Sesc SP

Matérias da edição

Postado em

A fantasia que enfeitiça e seduz

Vestir, calçar e pentear, tudo é criado socialmente e variável no tempo

CECILIA PRADA

“A moda é um objeto bom para pensar”, disse um dia Lévi-Strauss, o grande mestre de provocações. E estava certo: “moda” é uma palavra de poderes mágicos, evocativos, que parece abrir imediatamente um vasto panorama iconográfico de luxo, beleza, abundância multicolorida, futilidade – um mundo basicamente feminino de sedução, dotado de dinamismo próprio, superpovoado de todos os tipos, de todas as raças, evocados do carrossel do tempo.

Na realidade, a palavrinha mágica é, antes de mais nada, matreira e dona de um magnetismo muito mais sofisticado. Mesmo que a princípio nos deixemos enganar pela aparente facilidade do tema a ser estudado, logo nos veremos confrontados com mil caminhos que nos levam a um elenco de conhecimentos específicos, técnicos, que por sua vez se entrosam com os grandes ramos do saber: antropologia, sociologia, psicologia, filosofia, estética, história, economia e ainda psicanálise, linguística e até semiótica. Para ser compreendida – diz ninguém menos que Roland Barthes –, a moda necessita de “novos saberes no campo do discurso”, já transformada em sua categoria de “vestimenta infinita”. Isto é, como se pudéssemos imaginá-la “como uma mulher coberta de uma roupa sem fim, que é, por sua vez, tecida de tudo o que diz o jornal de moda, pois essa roupa sem fim é dada por meio de um texto sem fim”. A nós caberá, então, recortá-la em “unidades significantes”, diz ainda o grande nome da semiótica, para podermos “compará-las, reconstituindo, assim, a significação geral da moda”.

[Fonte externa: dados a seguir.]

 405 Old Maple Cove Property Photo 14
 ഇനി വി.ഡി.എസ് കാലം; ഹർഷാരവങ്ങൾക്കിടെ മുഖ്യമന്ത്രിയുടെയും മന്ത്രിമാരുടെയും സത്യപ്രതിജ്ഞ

Umberto Eco afirma também, no ensaio “O Hábito Fala pelo Monge” (1989): “Quem se familiarizou com os atuais problemas da semiologia já não pode apertar a gravata, de manhã em frente ao espelho, sem ter a nítida sensação de fazer uma escolha ideológica; ou, pelo menos, de passar uma mensagem, numa carta aberta, aos transeuntes e àqueles que encontrará durante o dia”.

E o que é realmente a “moda”? Será que ela sempre existiu? É claro que durante toda a história da humanidade as pessoas usaram roupas diferenciadas de acordo com a época e o lugar, a classe social a que pertenciam ou, ainda, a profissão que exerciam. E que, se tomarmos como tendências básicas do ser humano dois elementos, a imitação e a diferenciação, considerando sua interação e alternância, poderemos entender as sucessivas correntes de “modas”. O livro A Roupa e a Moda – Uma História Concisa (Companhia das Letras, 2003), do inglês James Laver, que foi curador da seção dedicada a esse tema no Victoria and Albert Museum de Londres, tem figurado na bibliografia obrigatória dos cursos de moda do país. Ele apresenta com profusão de detalhes e ilustrações as principais etapas do vestuário no mundo ocidental, desde sua invenção no Paleolítico – quando, usado como proteção climática, passou a incorporar técnicas ainda hoje remanescentes nas tribos esquimós –, passando pelas grandes civilizações da Antiguidade, como Creta, Egito e Mesopotâmia, e atravessando a complexidade de modos de vida nas cortes europeias, até atingir o último quartel do século 20.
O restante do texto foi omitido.